**Problem**
Set down again, exactly and only, the lines from the one that contains "Датчик сердечного ритма" through the last line of the records below, both included, but not the pictures.

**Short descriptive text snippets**
**********

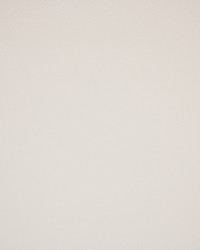 Greenhouse S5907 by  Greenhouse Fabrics 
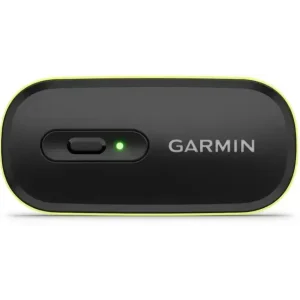 Датчик сердечного ритма Garmin HRM 600 M-XL (010-13383-00)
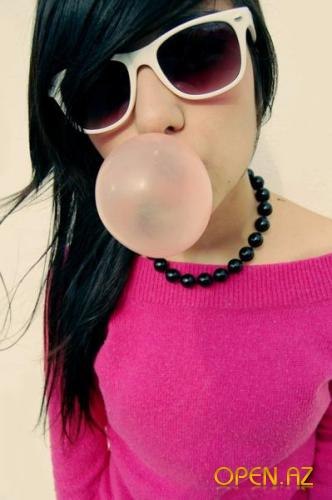 Оксана Коваленко | Санкт-Петербург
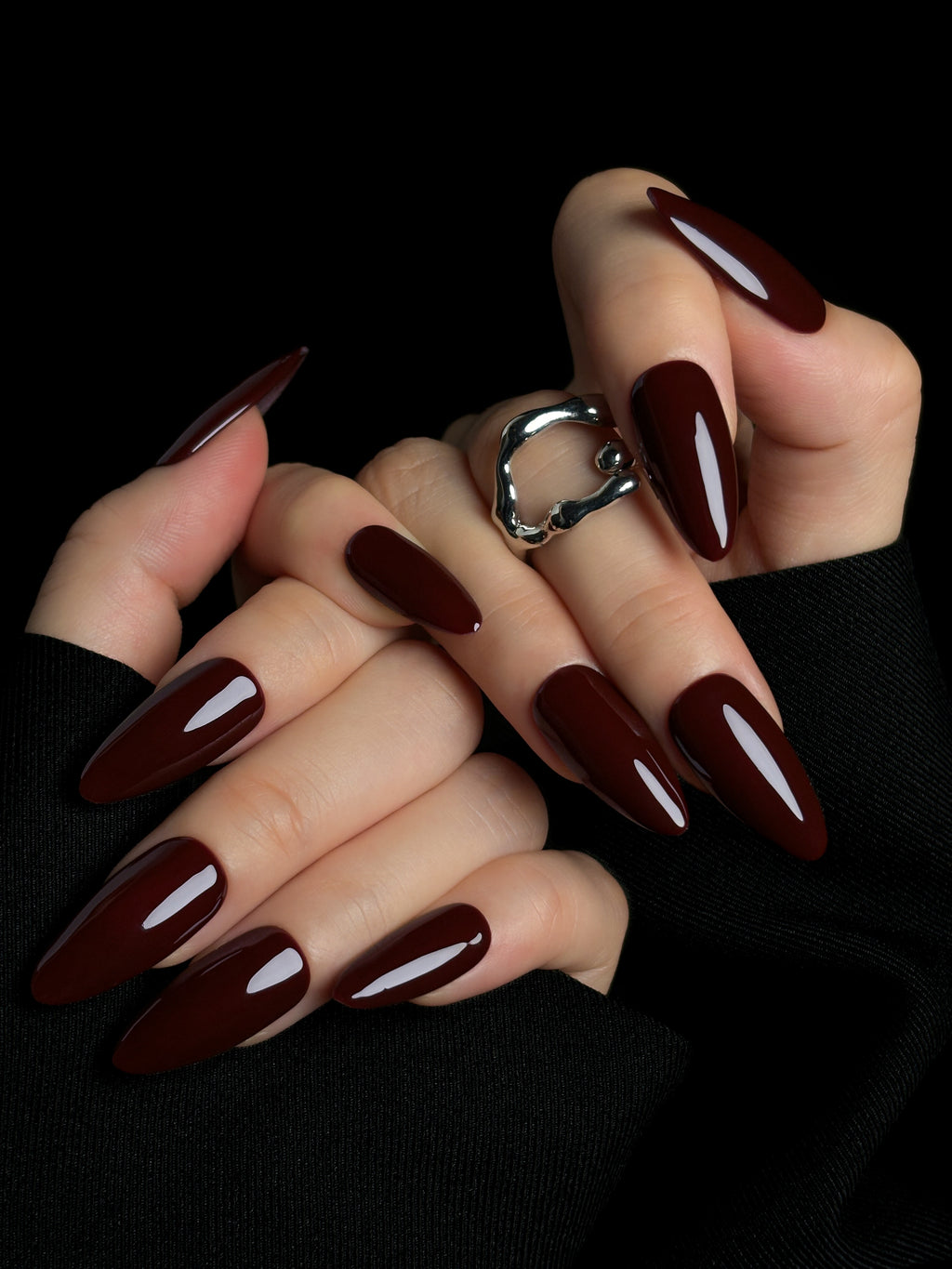 Black Cherry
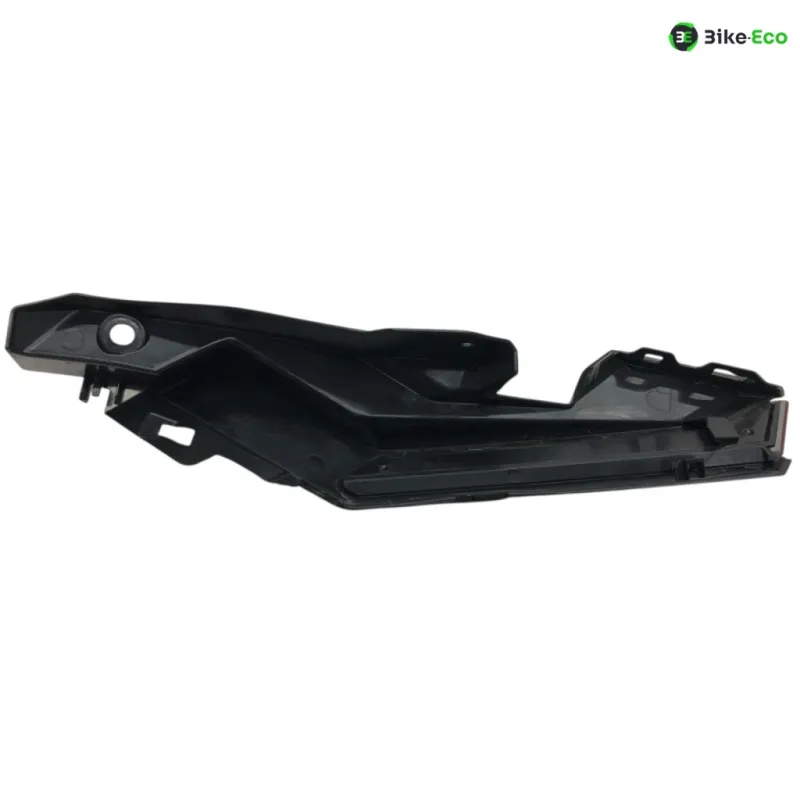 Cache lateral droit HONDA XADV 750 2021-2024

**********

**Solution below**
 Датчик сердечного ритма Garmin HRM 600 M-XL (010-13383-00)
 Оксана Коваленко | Санкт-Петербург
 Black Cherry
 Cache lateral droit HONDA XADV 750 2021-2024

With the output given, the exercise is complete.